## Problem to work on
Copy nothing but the lines below, from the one with "PREMIERE DJ Luna" through the one with "Image 19 of 53 For 1501 Druid Isle Road", exactly as written; no pictures should appear.

------------------------------

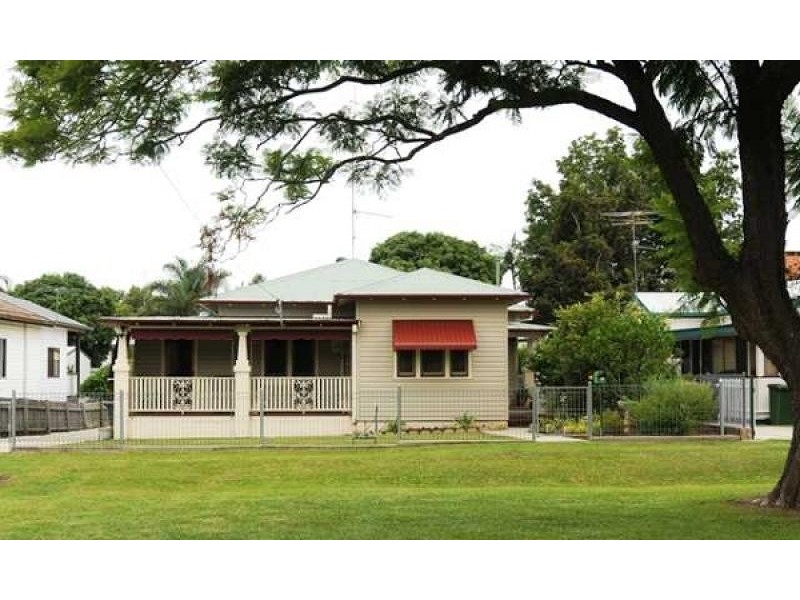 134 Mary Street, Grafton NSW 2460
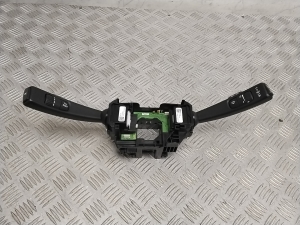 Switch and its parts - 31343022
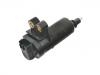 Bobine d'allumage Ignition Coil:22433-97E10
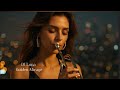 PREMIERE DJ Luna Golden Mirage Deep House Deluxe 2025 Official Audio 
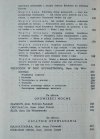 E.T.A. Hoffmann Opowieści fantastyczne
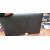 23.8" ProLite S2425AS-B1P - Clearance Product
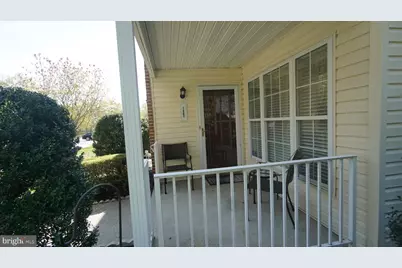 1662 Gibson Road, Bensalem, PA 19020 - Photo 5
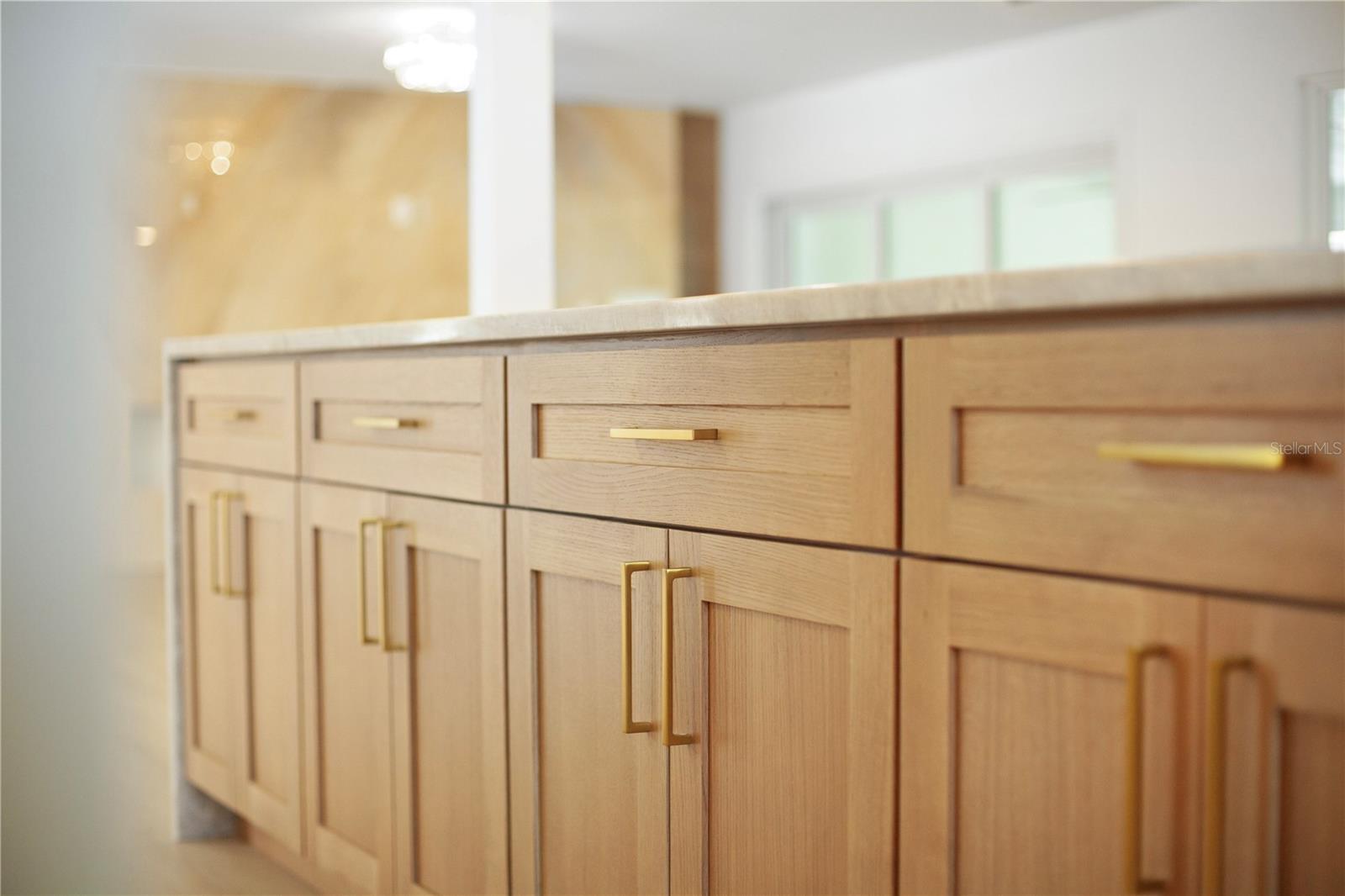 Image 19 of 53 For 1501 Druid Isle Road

------------------------------

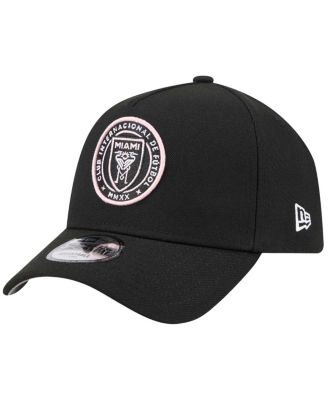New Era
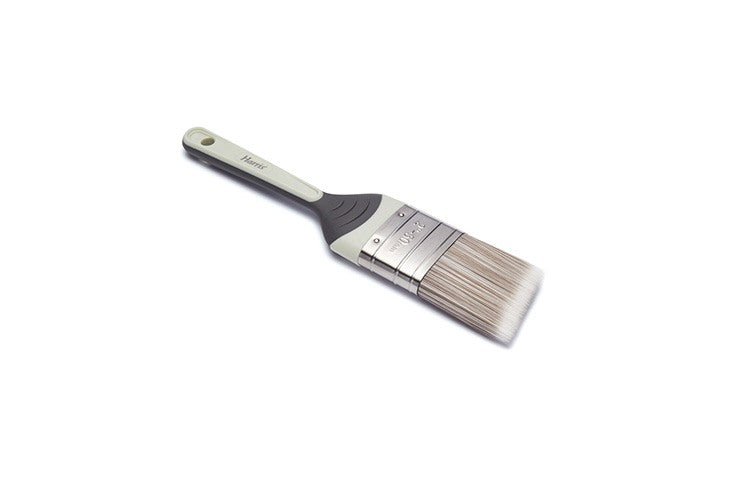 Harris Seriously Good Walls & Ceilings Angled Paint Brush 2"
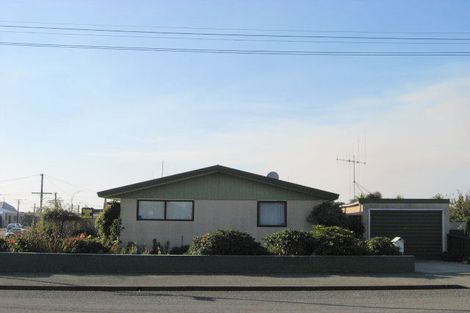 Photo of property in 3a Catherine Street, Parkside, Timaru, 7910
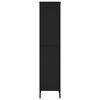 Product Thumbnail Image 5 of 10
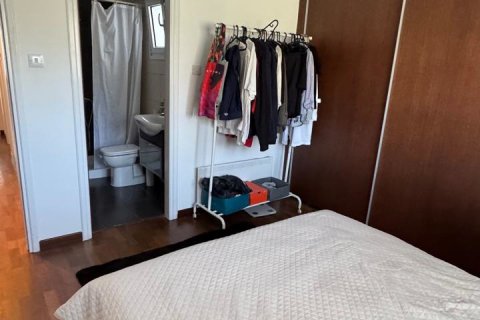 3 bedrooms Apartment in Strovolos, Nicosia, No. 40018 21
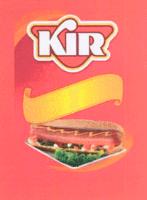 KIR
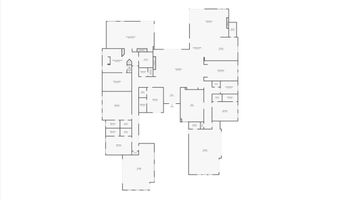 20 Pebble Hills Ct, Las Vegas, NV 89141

------------------------------

## Problem solution
 PREMIERE DJ Luna Golden Mirage Deep House Deluxe 2025 Official Audio 
 E.T.A. Hoffmann Opowieści fantastyczne
 23.8" ProLite S2425AS-B1P - Clearance Product
 1662 Gibson Road, Bensalem, PA 19020 - Photo 5
 Image 19 of 53 For 1501 Druid Isle Road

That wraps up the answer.